== Segment start ==
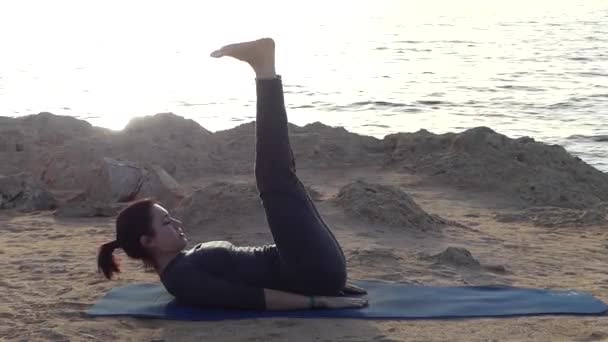 Junge Frau trainiert ihre Bauchmuskeln auf einer Yogamatte und posiert am Strand in einem grauen Anzug — Stockvideo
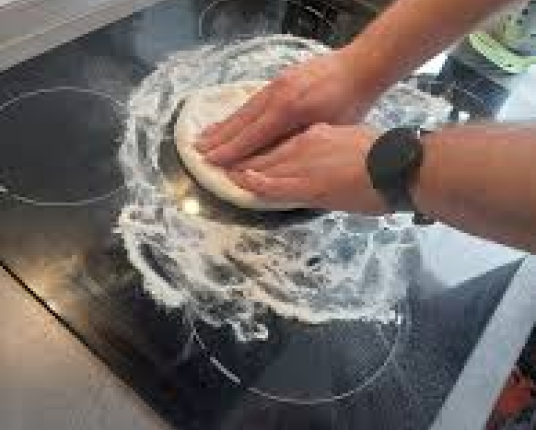 A person cleaning a black glass stove top with a round cleaning pad and white foam.
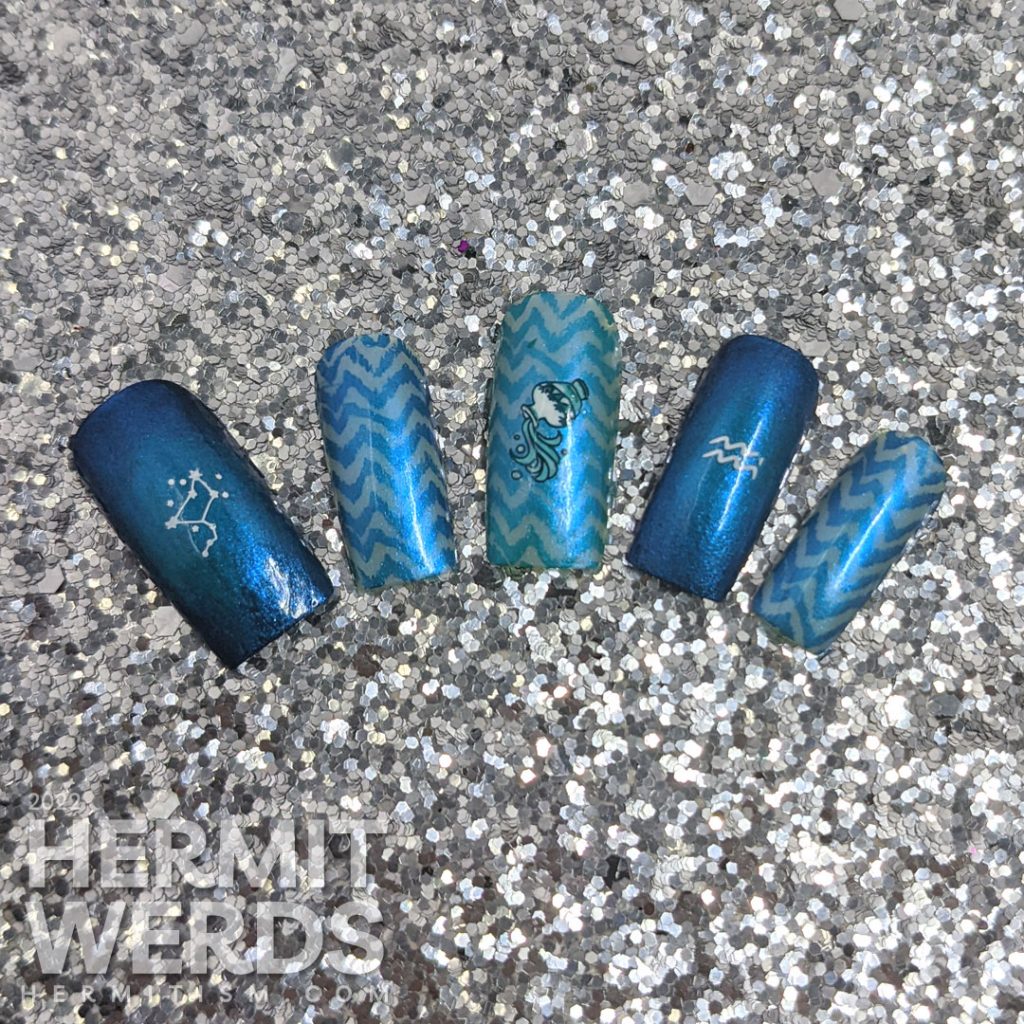 An aquarius/zodiac themed nail art with lots of blue chevrons and nail stamping images of Aquarius symbols.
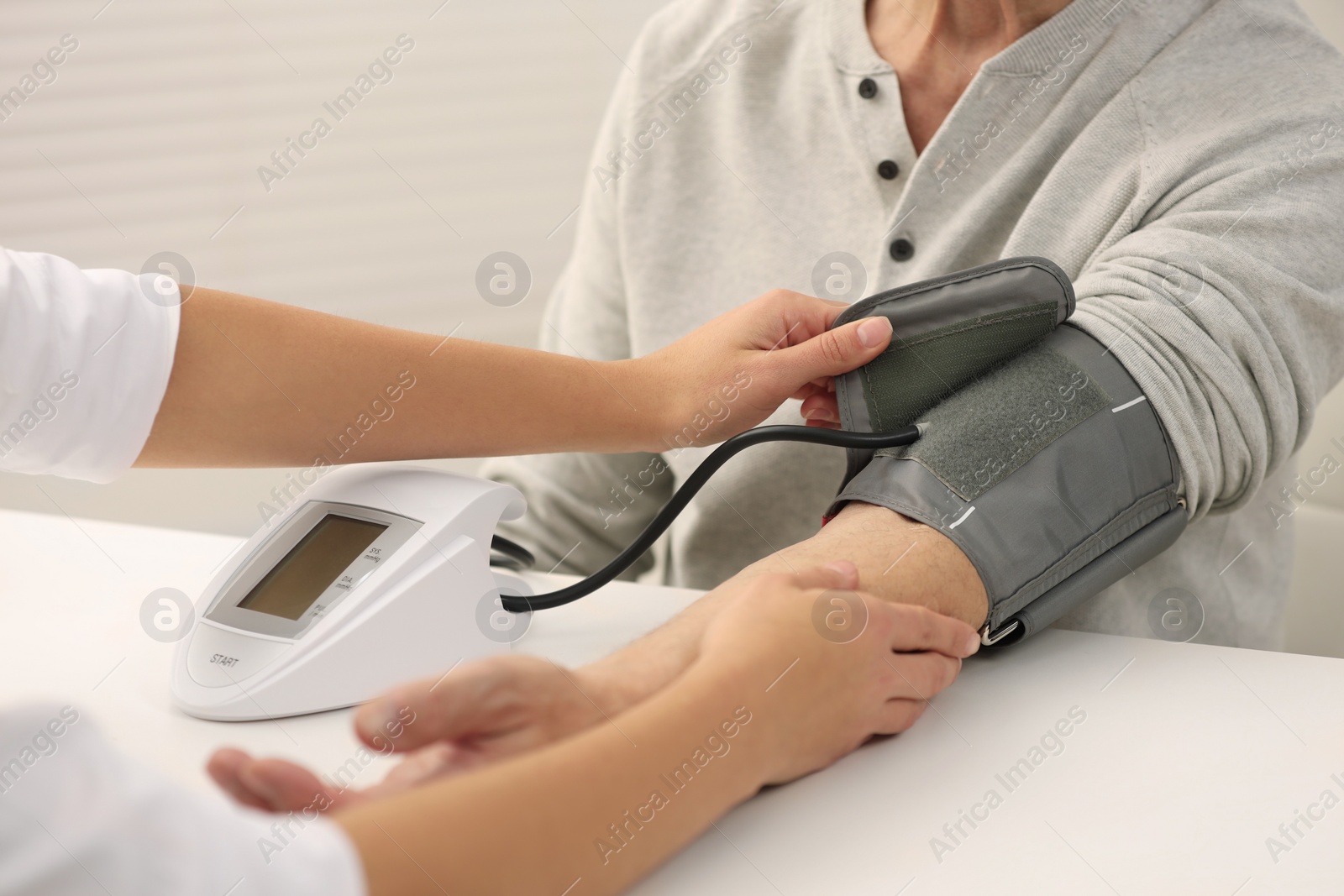 Photo of Nurse measuring elderly patient's blood pressure at white table indoors, closeup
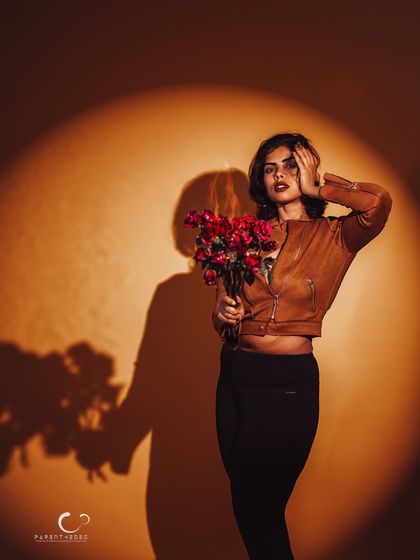 A clean and impactful version of the spotlight concept. The composition is minimalist, allowing the subject and her shadow to tell the story.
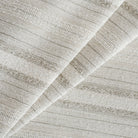 Acadia Stripe Salt Fabric, an oatmeal, white and grey striped high-performance upholstery fabric from Tonic Living.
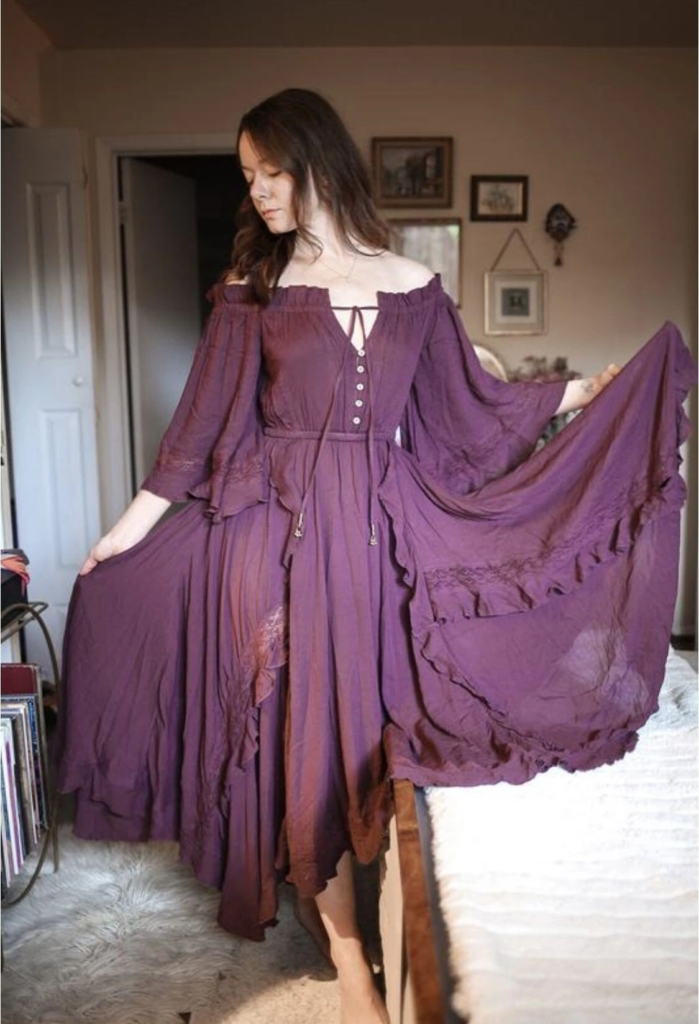 Flowing Purple Dress with Romantic Details
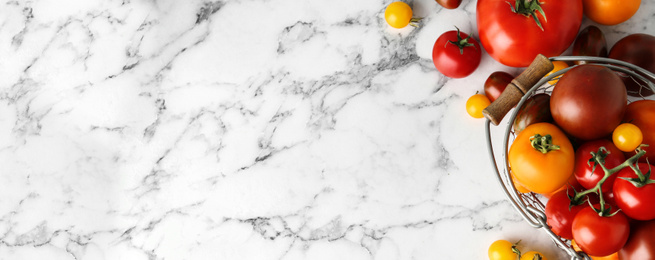 Image of Flat lay composition with fresh tomatoes on marble table, space for text. Banner design 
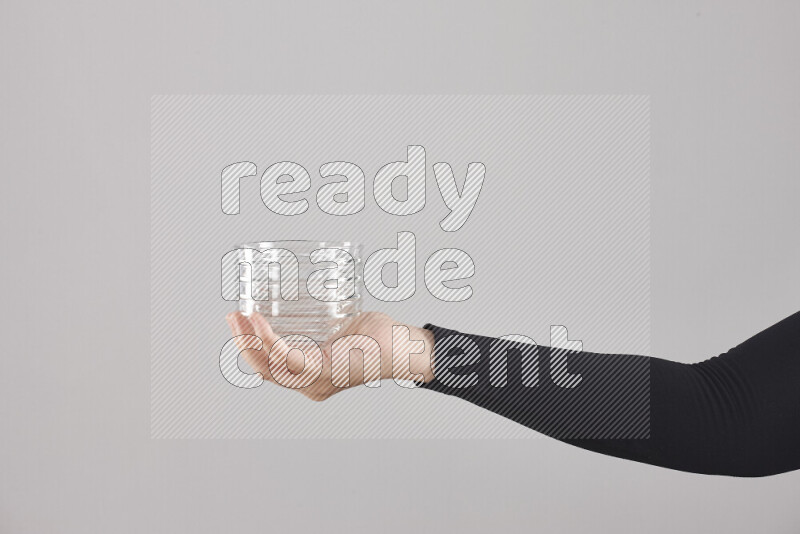 A woman in black abaya holding different glassware in different positions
== Segment end ==
From the line that contains "Image of Flat" to the last line of the data, print each line exactly, both ends included, and omit the pictures.

Response to the exercise:
 Image of Flat lay composition with fresh tomatoes on marble table, space for text. Banner design 
 A woman in black abaya holding different glassware in different positions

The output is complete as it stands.